Align ESTs onto your genome
Align each set of ESTs on the rice genome separately using three invocations of blat and with maximum intron size set to 5000 and minimum identity of 95%.
For example, here is how Dr. Loraine aligned the rice indica ESTs onto the rice genome:
Compress and index with bgzip and tabix
The output files blat creates will likely be very large. In this step, you'll sort the files, compress them using bgzip, and then create a tabix index file you can use to retrieve alignments based on where they map in the genome.
Sort files using sort
Use the UNIX sort utility to sort the alignments by chromosome name and then by start position on the chromosome.
The PSL format reports the chromosome in field 14 and the start position of the alignment (relative to genomic) in field 16.
To sort by chromosome and start position, run sort. (See also the examples from the tabix manual.)

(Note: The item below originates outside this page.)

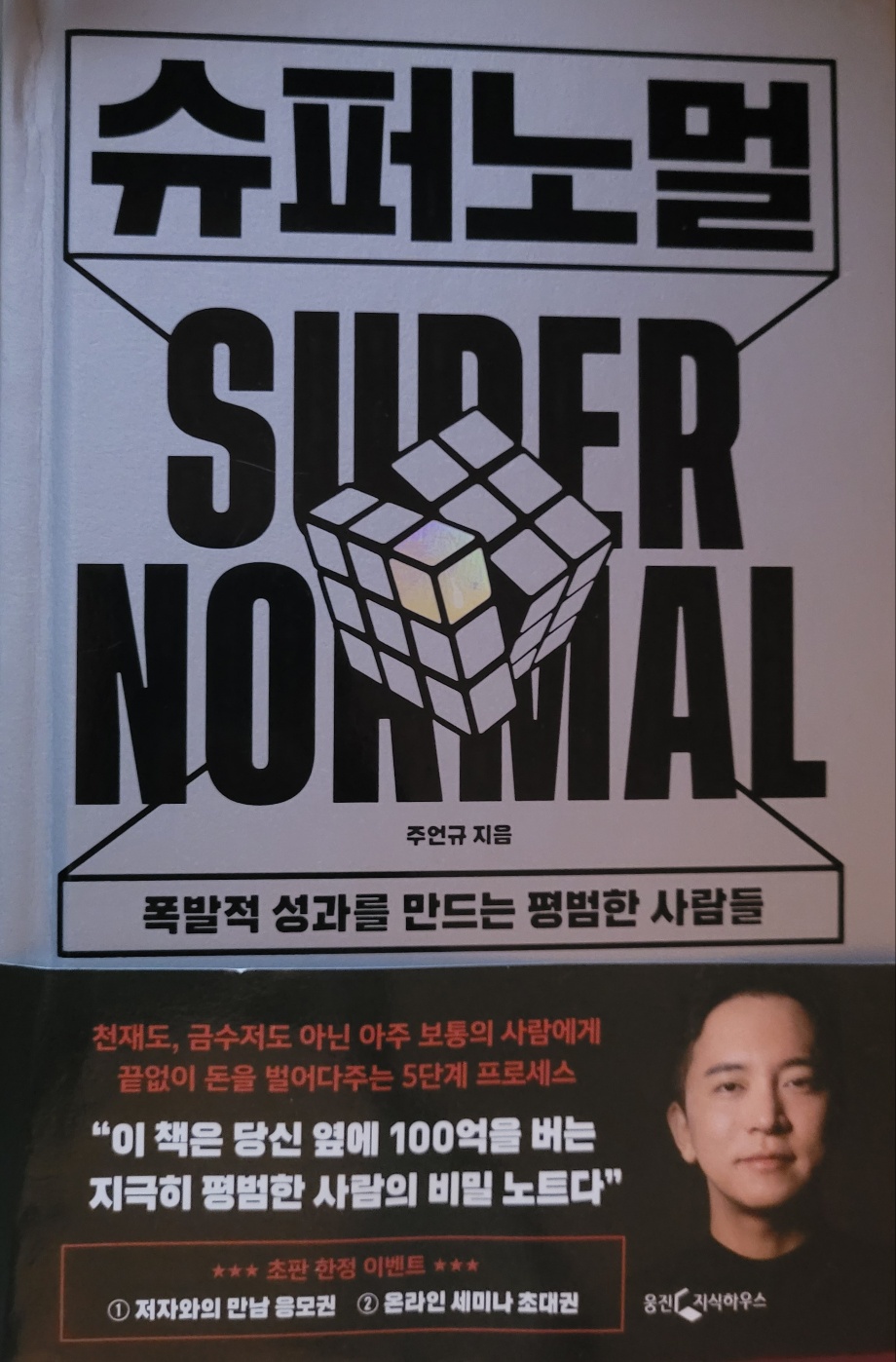 슈퍼노멀_책 앞표지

Check the files in Integrated Genome Browser
Put both files in your Web directories on your VM or download both onto your desktop. Note that for IGB to open the alignments file, you need to store the index (.tbi) file in the same directory as the data file.
Launch Integrated Genome Browser and use File > Open URL or File > Open to open the alignments file. Zoom in on a region and click Load Data to see the alignments.

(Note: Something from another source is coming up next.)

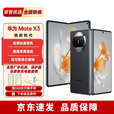 华为Mate X3【分期免息】华为新品折叠屏手机 超轻薄昆仑玻璃鸿蒙旗舰 羽砂黑 12+512GB 【24期免息】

Use File > Export Image... to make a picture of ESTs (choose PNG format) aligned on a gene, save the image in a Web-accessible directory on your VM, and email the URL to the class Yahoo group.

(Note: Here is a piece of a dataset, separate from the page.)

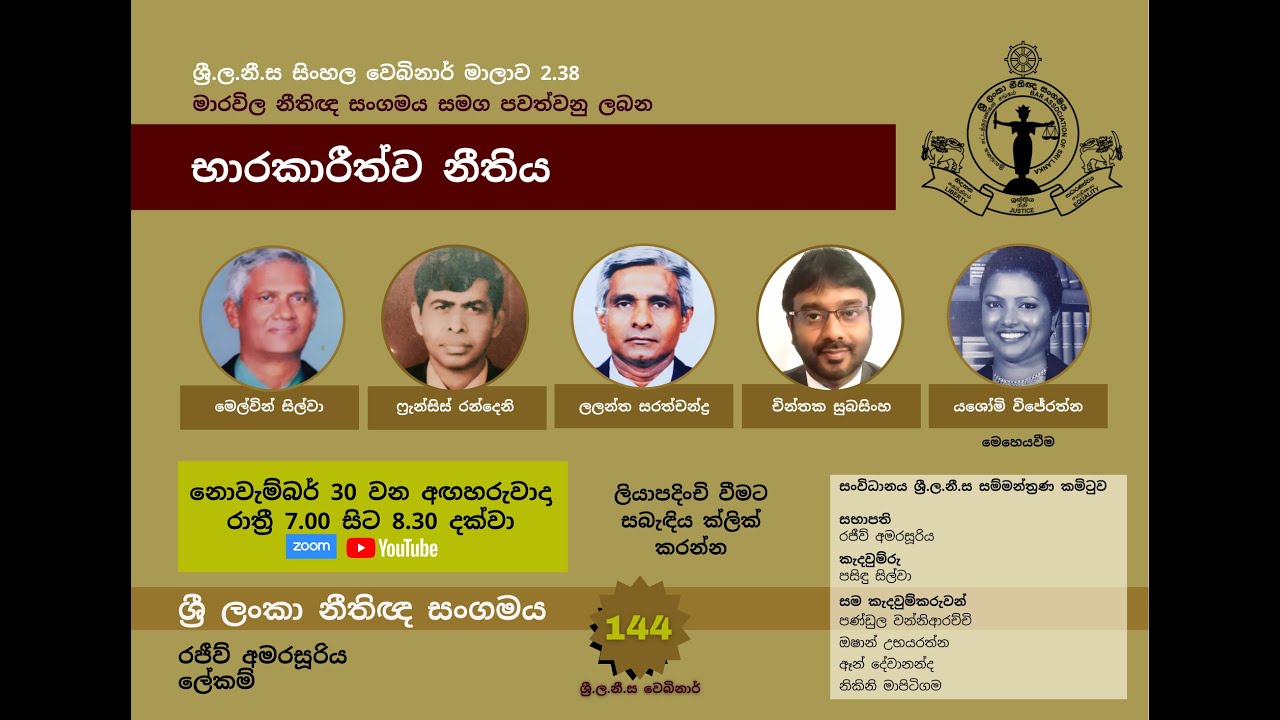 BASL Sinhala Webinar 2.38 - භාරකාරීත්ව නීතිය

Write a shell script run_blat.sh that automates the above process
Write a bash shell script that automates all of the above steps. For full credit, the script should:
- Accept command line arguments: (requires parsing command line arguments)
- argument1 the name of the 2bit file (genome sequence)
- arguments2, 3, etc give names of fasta query files to align
- Checks that the genome and query files exist and are readable before starting (requires if statement, file testing operators)
- Runs each of the above commands in for each query file (requires a looping construct)
- Names each output PSL files after the input file (requires string operations)
- For example, if a query file is named Oryza_sativa_Japonica_Group.mRNA.EST.fasta, then the PSL output file should be named Oryza_sativa_Japonica_Group.mRNA.EST.psl
- Runs blat only if the output file does not exist; notifies the user if the file exists and then continues to the next file
You can assume that the user has already installed blat, tabix, and the other programs in his or her PATH.
Turn in your work
- To turn in the processed EST alignment files, put them in a Web-accessible directory on your VM and email the address to Dr. Loraine. For full credit, include each sorted, indexed PSL output file and the corresponding tabix (.tbi) index file.
- To turn in your shell program, put it a Web-accessible directory on your VM and email the URL to Dr. Loraine, who will then download it on her VM or on another server for testing.
- To turn in your IGB image, place it in a different Web-accessible directory on your VM and post the URL to the class Yahoo group.